In denying being served with hearing notice Appellant in his affidavit, in support of the application to set aside exparte judgment, deponed thus-

“6.  THAT I was never served with any hearing notice for the hearing on 7th February, 2013, or at all for the following reasons-

That ALL the processes in this suit, Msa CMCC No. 2401/2009, Misc. Appn. No. 83 of 2011B, Misc. Appn. No. 126 of 2011 between the same parties, have been PERSONAL, and none by postal service;

That Post Office Box Number 83171, Mombasa allegedly used to serve me was never indicated in my pleading, the defence;

That the same is owned by 2 Companies: Diani Villas and Euro Africa Surplus Ltd.  Annexed hereto and marked “A” are true copies of online yellow pages confirming the fact;

That I may have mentioned the said Box number in my affidavit as I sometimes back I used to rely on my friend one John Katana, an employee of Diani Villas to deliver letters to me his employer’s postal box;

That the said John Katana no longer works there, and the last time I saw him was in June 2012;

That in any case, I changed my postal address, and the last postal address to be indicated in the Court records was post office box number 83101-80100, Mombasa.  Annexed hereto and marked “B” is a mention notice which was served upon the Plaintiff’s Counsel;

That there is no evidence that I was served upon that address;

That there is also no indication that leave of Court was sought prior to the said postal service as required by law;

That there is equally no evidence that personal service was even attempted, before service by postal services was adopted;

That from the pleadings, it is apparent that the parties know each other;

That in addition, the Plaintiff and several process servers know my home from previous services in this matter and the others afore mentioned.

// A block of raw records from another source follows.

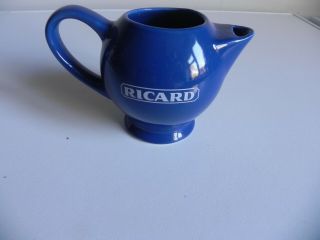 Small French Vintage Ceramic Ricard Water Jug Pitcher Carafe Blue 9cm Bar Cafe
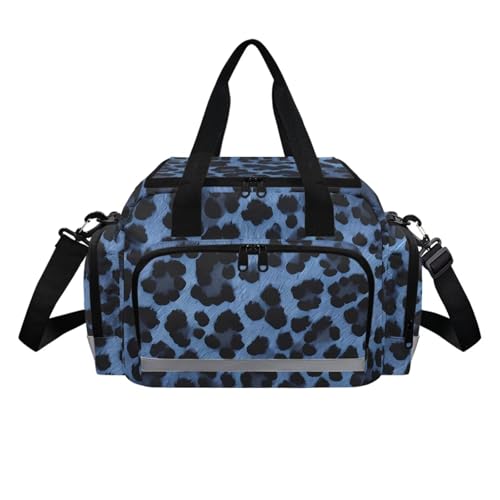 Duffel Bag Women that Holds and Shoe Compartment Portable Gym Bags, Fitness Workout Multi-Functional Workout Bag, Leopard Print Blue Pattern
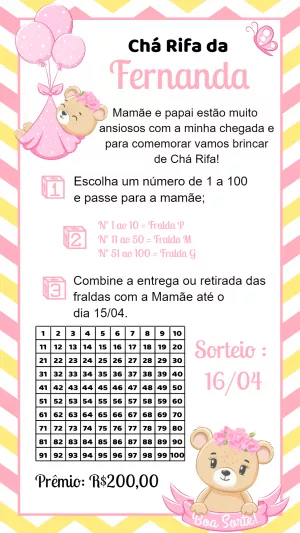Convite Chá Rifa Ursinha Rosa para Editar e Imprimir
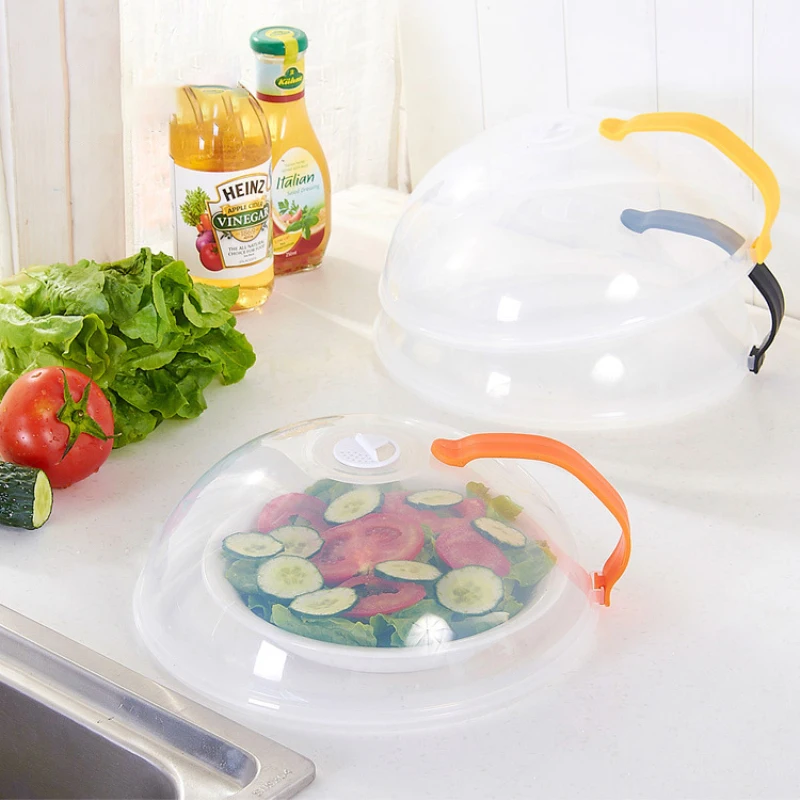 

Microwave Oven Food Cover Splash-proof Lid With Handle High Temperature Resistant Food Heating Lid Table Dishes Dust-proof Cover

In response to that deposition Respondent in his replying affidavit alleged Appellant was misleading the Court in his depositions and stated that Appellant had used the address Box No. 83171-80100 – Mombasa in his Verifying Affidavit of a suit filed in the year 2009.

In my opinion on this issue No. (i) I find that the Magistrate fell in error.  The requirement of deponent in that Rule to set out his place of abode or his postal address is not a guarantee, for the purpose of future service of process, that that place of abode or postal address remain constant.  It is for that reason that I find this issue in favour of Appellant.

ISSUE NO. (ii)

As stated before Appellant filed his Memorandum and Defence and failed to state his address of service in those documents.  Order 6 Rule 3(2) which is pertinent here provides-

“(2) A Defendant appearing in person shall state in the memorandum of appearance his addresses for service being either his place of residence or his place of business and his postal address, and if he has neither residence nor place of business in Kenya he shall state a place and postal address within Kenya which shall be his addresses for service.”

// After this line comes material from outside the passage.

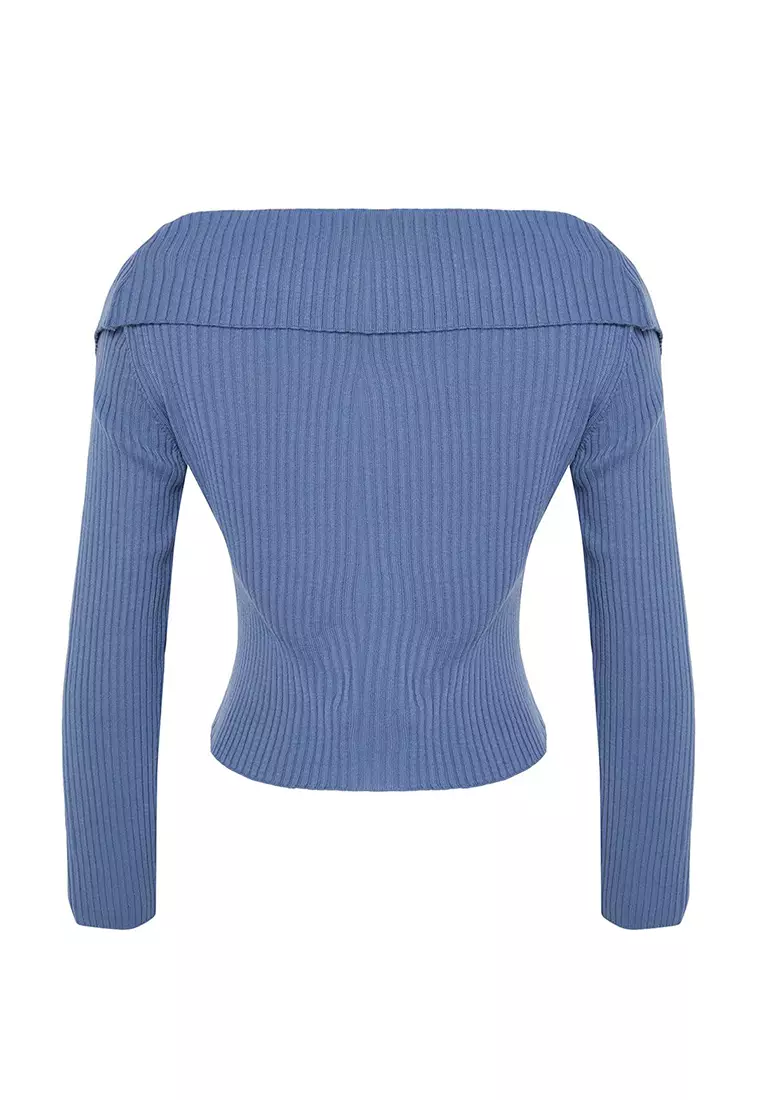 Blue Turn-Down Collar Knitwear Cardigan Twoaw24Hi00284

If an appearance fails to provide address of service and the address is also not evident in the defence the Plaintiff (here Respondent) should seek for such appearance to be set aside.  That is what Order 6 Rule 4 provide.  It states as follows-

“4.  If the memorandum of appearance does not contain an address for service within Kenya it shall not be filed; and if any address given is illusory or fictitious the appearance may be set aside on the application of the Plaintiff.”

Since the consequence of a defective appearance is to have the same set aside it follows that the Learned Magistrate was in error in stating-

“This mandatory provision was not complied with by the Defendant in the memorandum dated 13/02/2012 and the same is thus defective as the defendant cannot use that as a leeway to show that he was not served.”

The second issue is also in favour of Appellant.  The effect of the defective

memorandum of appearance ought not to have been a finding that it was defective in the absence of an application of Respondent.

ISSUE NO. (iii)

Not only did Appellant show that the address used to serve the hearing notice belonged to a Limited Liability, Diana Villas, and with the statement that the Appellant had lost contact with the person in that Company whom he relied upon to give him his correspondence sent through that Company; but there was also a great question mark on whether indeed the hearing notice was served through the post.  The affidavit of service filed in Court on 7th February 2013 sworn by Harrison Karisa is to the effect that the hearing notice was sent through Digo Road Post Office under Registered Post.  Attached to that affidavit is handwritten paper entitled (in handwriting)-

“Under Certificate of Posting.”

That hand written statement has no evidence of having emanated from a Kenyan Post Office.  Far from it.  In my view that is unsatisfactory evidence of service.  Order 6 Rule 6 (2) provides what should be done when there is dispute as to service.  That Rule is in the following terms-

“(2)  Where delivery is disputed a Certificate of Posting or other evidence of delivery shall be filed.”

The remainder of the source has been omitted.